PARIS — With Serena Williams "ready to step up and grab a ... wild bear right now" in the words of her father, Richard, the French Open awaits her bout with an ingenious pipsqueak.
The quarterfinal that resembles a final has materialized to lend Tuesday the promise of fracas.
Serena Williams, the Australian Open champion seeded No. 8 here, will play No. 1 Justine Henin, the twice-defending French champion, for the first time on clay since 2003 when Henin, seeded No. 4 , upended Williams, then No. 1, in a semifinal heavy on cacophony.
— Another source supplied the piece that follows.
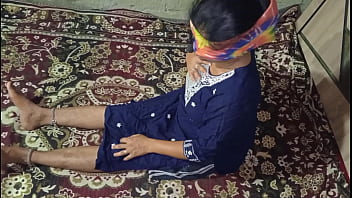 thumb bhabhi devar se  x in house hindi audio i audi di audio i audio 
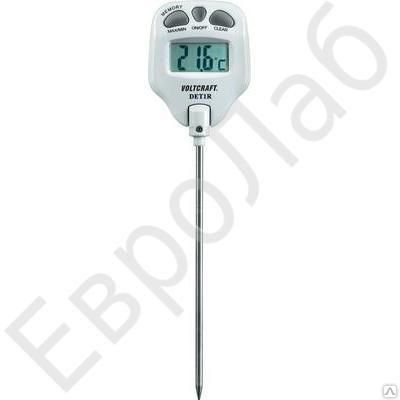�������� ���������-��� DET-1R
Other than a jolting third-set turnaround, the sound of Williams berating the chair umpire, the sight of Henin's gamesmanship, the crowd jeering Williams, Williams exiting in tears, the match's gravitas as a flashpoint of recent tennis history, and the possible overtone of the then-nascent war in Iraq, that match had nothing.
"It seems like decades ago," Williams said. "It seems very far away from now," Henin said.
Here's how far: At the time, Williams ruled the earth. Henin hadn't won a major. Williams had won the last four Grand Slam tournaments. Henin hadn't won a Grand Slam semifinal since the 2001 Wimbledon. Williams had won 33 consecutive Grand Slam matches and all 10 sets in that tournament.